Lincoln's Body: A Cultural History by Richard Wightman Fox
4.0

Though this book states from the title it is a cultural history of Lincoln's body, it is so much more, following the national obsession as it ebbed and flowed from the time Lincoln was assassinated right up to the here and now.

Firstly, I find it so utterly strange how people in Lincoln's time were so obsessed with his physicality - and took any opportunity they had to point out he was not particularly attractive. I guess I've never noticed this before, I've never found him hideous or grotesque. To me he looks like a normal man, ages by the stress of leading a nation being torn apart at the seams.
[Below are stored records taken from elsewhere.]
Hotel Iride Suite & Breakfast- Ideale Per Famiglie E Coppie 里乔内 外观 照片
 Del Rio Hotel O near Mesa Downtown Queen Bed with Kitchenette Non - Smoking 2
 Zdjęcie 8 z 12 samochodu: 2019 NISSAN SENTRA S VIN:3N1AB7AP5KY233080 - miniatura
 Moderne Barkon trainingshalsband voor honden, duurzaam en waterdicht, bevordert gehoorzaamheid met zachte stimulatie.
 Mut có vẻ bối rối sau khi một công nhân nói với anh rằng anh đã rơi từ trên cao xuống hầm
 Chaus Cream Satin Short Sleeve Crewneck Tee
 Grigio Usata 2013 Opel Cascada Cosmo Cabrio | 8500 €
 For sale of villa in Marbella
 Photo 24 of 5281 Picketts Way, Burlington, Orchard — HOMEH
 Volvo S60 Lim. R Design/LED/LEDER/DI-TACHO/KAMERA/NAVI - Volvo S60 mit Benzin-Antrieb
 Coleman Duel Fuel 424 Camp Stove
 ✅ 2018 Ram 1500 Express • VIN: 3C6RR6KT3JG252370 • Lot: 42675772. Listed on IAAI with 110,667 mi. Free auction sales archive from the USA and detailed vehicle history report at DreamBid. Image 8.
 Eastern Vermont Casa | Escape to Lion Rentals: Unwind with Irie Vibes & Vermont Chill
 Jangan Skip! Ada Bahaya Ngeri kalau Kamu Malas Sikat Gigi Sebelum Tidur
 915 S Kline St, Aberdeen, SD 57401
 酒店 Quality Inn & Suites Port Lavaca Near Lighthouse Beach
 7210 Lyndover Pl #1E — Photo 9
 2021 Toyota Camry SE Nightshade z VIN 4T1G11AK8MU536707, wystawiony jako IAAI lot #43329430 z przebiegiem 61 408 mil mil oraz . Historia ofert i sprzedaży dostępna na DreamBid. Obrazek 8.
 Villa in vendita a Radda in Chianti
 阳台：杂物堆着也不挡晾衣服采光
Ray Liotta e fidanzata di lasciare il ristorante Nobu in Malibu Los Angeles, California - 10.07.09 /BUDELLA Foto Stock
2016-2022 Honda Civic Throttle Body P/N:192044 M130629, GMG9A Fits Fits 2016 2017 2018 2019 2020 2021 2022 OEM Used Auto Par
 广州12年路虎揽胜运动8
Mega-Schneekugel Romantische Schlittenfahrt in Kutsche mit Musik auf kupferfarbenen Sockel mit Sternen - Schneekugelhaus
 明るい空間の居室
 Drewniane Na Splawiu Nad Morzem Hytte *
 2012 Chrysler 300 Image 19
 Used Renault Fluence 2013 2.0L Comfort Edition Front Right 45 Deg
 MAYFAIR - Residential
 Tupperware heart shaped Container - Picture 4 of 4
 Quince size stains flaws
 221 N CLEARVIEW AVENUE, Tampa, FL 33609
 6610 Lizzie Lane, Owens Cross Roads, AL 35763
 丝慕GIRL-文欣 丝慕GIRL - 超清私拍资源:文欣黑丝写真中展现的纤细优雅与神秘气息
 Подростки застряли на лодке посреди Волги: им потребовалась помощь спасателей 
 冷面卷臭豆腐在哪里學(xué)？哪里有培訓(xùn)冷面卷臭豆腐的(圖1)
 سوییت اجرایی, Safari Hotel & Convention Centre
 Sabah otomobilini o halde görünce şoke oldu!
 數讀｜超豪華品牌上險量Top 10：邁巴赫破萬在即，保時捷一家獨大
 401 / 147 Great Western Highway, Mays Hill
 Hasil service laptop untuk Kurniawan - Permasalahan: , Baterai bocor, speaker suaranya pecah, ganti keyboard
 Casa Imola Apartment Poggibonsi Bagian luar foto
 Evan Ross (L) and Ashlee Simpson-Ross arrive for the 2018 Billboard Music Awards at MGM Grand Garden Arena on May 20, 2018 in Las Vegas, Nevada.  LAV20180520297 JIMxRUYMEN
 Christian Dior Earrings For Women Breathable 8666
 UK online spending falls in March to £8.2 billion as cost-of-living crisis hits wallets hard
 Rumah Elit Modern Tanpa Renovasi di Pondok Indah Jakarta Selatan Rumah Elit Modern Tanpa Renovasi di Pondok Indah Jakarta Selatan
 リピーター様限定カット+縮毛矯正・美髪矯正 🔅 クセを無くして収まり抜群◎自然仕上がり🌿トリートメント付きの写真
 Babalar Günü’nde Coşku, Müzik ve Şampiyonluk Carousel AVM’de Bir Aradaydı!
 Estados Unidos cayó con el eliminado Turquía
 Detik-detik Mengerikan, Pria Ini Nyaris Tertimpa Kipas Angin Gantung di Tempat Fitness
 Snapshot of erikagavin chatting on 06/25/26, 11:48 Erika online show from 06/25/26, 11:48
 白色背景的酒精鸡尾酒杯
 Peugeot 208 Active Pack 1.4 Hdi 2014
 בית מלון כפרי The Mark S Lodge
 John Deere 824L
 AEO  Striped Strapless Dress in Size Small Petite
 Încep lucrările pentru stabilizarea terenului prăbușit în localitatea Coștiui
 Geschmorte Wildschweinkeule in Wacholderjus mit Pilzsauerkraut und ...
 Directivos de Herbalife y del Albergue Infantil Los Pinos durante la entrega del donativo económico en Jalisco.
I found that how the book was divided to be interesting. Fox references Lincoln's body in three different categories: first there is his physical body, the living, breathing Lincoln. Then in the aftermath of his assassination come the monuments and shrines. Finally, there is the metaphorical body that belongs to the nation as a whole, and exudes what Lincoln stood for - and how he is interpreted now, 150 years after his murder.

I've had a kind of fascination with Lincoln since 8th grade, on our class trip to Washington, D.C. I remember standing there at the monument, marveling at how huge it was, and I wish I had taken more time to ponder, taken more photos to remember it, and really understood at the time what he meant to the nation and what he continues to mean as a symbol of hope.